From: Martin Wirth (Martin.Wirth@dlr.de)
Date: Thu Feb 07 2002 - 10:38:57 EST


This is a request for comment on a new locking primitive
called a combilock.

The goal of this development is:

1. To allow for a better SMP scalability of semaphores used as Mutex
2. As a replacement for long held spinlocks in an preemptible kernel

The new lock uses a combination of a spinlock and a (mutex-)semaphore.
You can lock it for short-term issues in a spin-lock mode:

        combi_spin_lock(struct combilock *x)
        combi_spin_unlock(struct combilock *x)

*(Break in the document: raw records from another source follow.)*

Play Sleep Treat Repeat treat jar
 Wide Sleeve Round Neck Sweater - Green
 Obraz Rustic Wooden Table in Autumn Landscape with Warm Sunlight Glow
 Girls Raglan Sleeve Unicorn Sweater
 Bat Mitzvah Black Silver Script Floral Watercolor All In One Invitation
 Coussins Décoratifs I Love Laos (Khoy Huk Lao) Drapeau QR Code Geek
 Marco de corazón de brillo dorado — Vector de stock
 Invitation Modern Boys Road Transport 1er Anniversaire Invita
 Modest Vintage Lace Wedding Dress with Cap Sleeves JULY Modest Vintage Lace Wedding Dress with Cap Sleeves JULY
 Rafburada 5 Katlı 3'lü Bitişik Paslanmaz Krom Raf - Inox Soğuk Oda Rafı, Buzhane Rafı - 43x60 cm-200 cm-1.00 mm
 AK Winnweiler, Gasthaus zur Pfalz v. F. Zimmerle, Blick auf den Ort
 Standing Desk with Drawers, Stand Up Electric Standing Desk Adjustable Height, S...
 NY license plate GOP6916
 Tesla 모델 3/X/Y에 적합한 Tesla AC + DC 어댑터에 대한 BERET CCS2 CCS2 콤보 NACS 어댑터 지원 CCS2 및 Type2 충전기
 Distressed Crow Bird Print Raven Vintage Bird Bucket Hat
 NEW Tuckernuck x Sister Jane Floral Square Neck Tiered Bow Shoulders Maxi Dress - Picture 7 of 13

and for longer lasting tasks in a sleeping mode by:

        combi_mutex_lock(struct combilock *x)
        combi_mutex_unlock(struct combilock *x)

If a spin_lock request is blocked by a mutex_lock call, the spin_lock
attempt also sleeps i.e. behaves like a semaphore.
If you gained ownership of the lock, you can switch between spin-mode
and mutex-(ie.e sleeping) mode by calling:

        combi_to_mutex_mode(struct combilock *x)
        combi_to_spin_mode(struct combilock *x)

without loosing the lock. So you may start with a spin-lock and relax
to a sleeping lock if for example you need to call a non-atomic kmalloc.

This approach is less automatic than a first_spin_then_sleep mutex,
but normally the programmer knows better if he is going to do quick
things, or maybe unbounded stuff.

Note: For a preemptible kernel this approach could lead to much less
scheduling ping-pong also for UP if a spinlock is replaced by a
combilock instead of a semaphore.

Limitations:
  1. In the current implementation the combilock is not irq-save

  2. Although the combilock shares some advantages with a
  spin-lock (no unnecessary scheduling for short time locking) it may
  behave like a semaphore on entry also if you call combi_spin_lock.
  For example

        spin_lock(&slock);
        combi_spin_lock(&clock);

  is a BUG because combi_spin_lock may sleep while holding slock!

Open questions:

  * Does it make sense to also provide irq-save versions of the
    locking functions? This means you could use the unlock functions
    from interrupt context. But the main use in this situation is
    completion handling and there are already (new) completion handlers
    available. So I don't think this is a must have.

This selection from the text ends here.